Ben bir kahramanlık efsanesi dinler gibi dinliyordum yaşlı adamı. İnanmaz gözlerle bakıyordum ona. Anlattıkları gerçekten aklın kabul edeceği şeyler değildi.

Yaşlı adam ona inanmadığımı hissetti. Sessizce ayağa kalktı. Öbür odaya geçti. Biraz sonra elinde tahta bir kutuyla geri döndü. Tahta kutuyu önüme, sehpanın üzerine koydu. Bana döndü. Heyecandan kısılmış bir sesle, duygu çağlayanı içinde:

--- Bu kutunun içinde yavrumun kanlı mendili var! Dedi. Şehit olurken cebindeymiş. Onu hatıra olarak kaldırdım.

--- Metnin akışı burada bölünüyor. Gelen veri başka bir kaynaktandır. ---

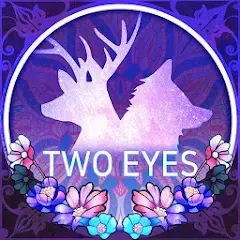 Взломанная Two Eyes - Nonogram (Ту Айз)  [МОД Все открыто] - последняя версия apk на Андроид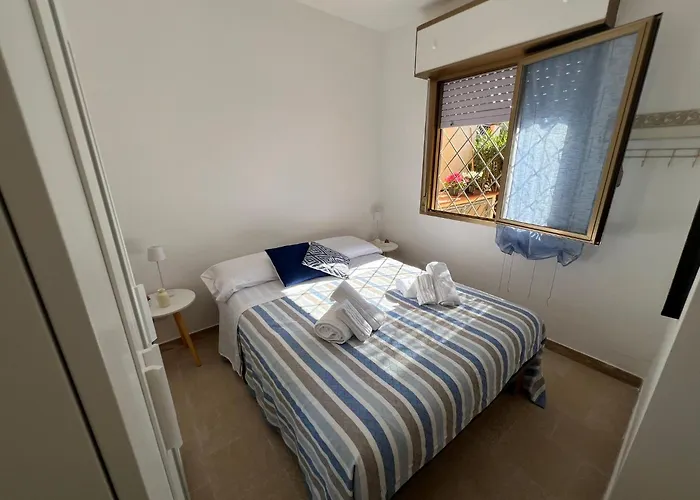 Lilly House Hébergement de vacances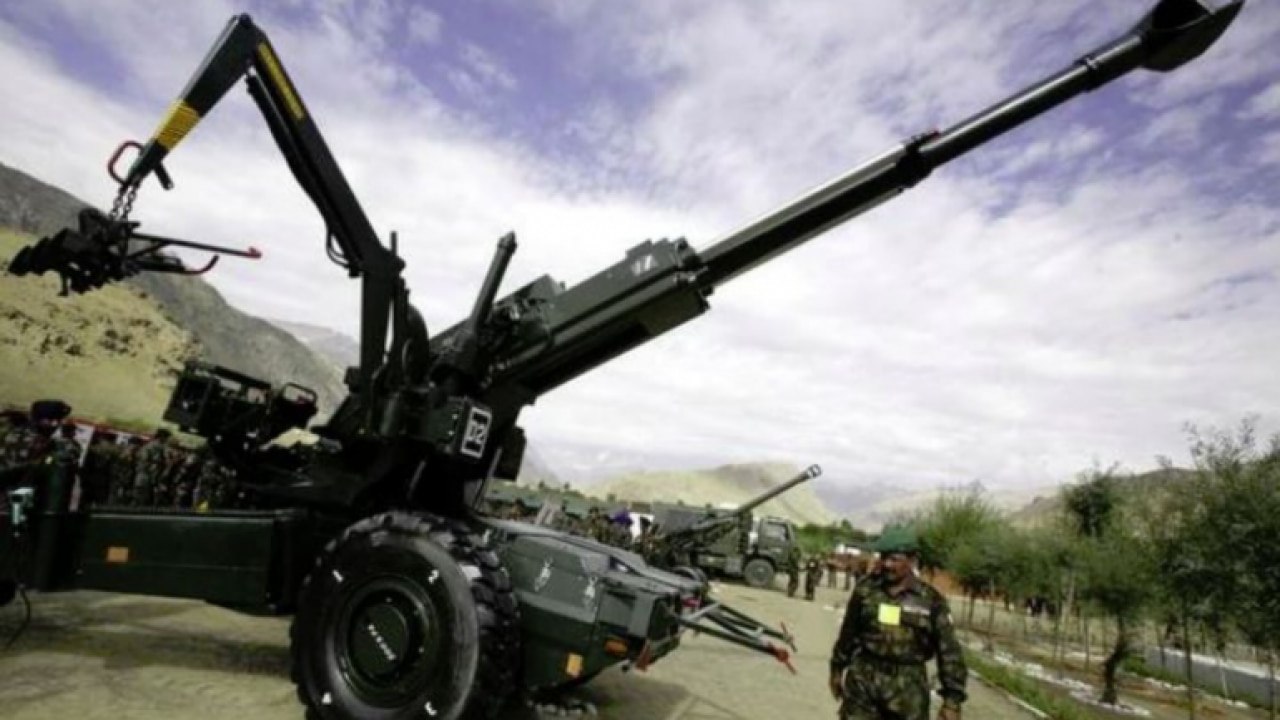 LAC standoff: India ready for long haul; ISI sp...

Sonra büyük bir saygıyla kutuyu açtı. Kutunun içinde üzerindeki kanı kurumuş, buruşuk bir mendil vardı. Kutunun açılmasıyla odanın içi öyle hoş, öyle güzel bir kokuyla doldu ki ben hayatım boyunca böyle güzel bir koku görmedim.

Ben güzel kokulara düşkün, güzel kokulardan anlayan bir adamdım. Odanın içini dolduran bu mest edici koku kesinlikle dünyevi değildi. Dilim tutulmuştu. Konuşamıyordum. Gözlerimi mendilden ayıramıyordum. Bir anda her şeyi anlamıştım. Ruhumu esir alan küfür perdesi paramparça olmuştu. Kalbim duygu seli altında duracak gibi ağırlaşmıştı.

Neden sonra bir ağlama tuttu beni. Şehidin yaşlı babasına sarılmış hüngür hüngür ağlıyordum. Ve oracıkta Müslüman oldum…

Doktor Hans’la uzun uzun sohbet ettim. Doğrusu o ihlâslı yürekten dökülen incilere doyum olmuyordu. Lakin vakit hayli ilerlemişti. Doktorla vedalaşıp oradan ayrılırken:

--- Rabbim! Diye dua ediyordum. Şehitler gibi yaşamayı ve bir şehit olarak katına yükselmeyi bana nasip et!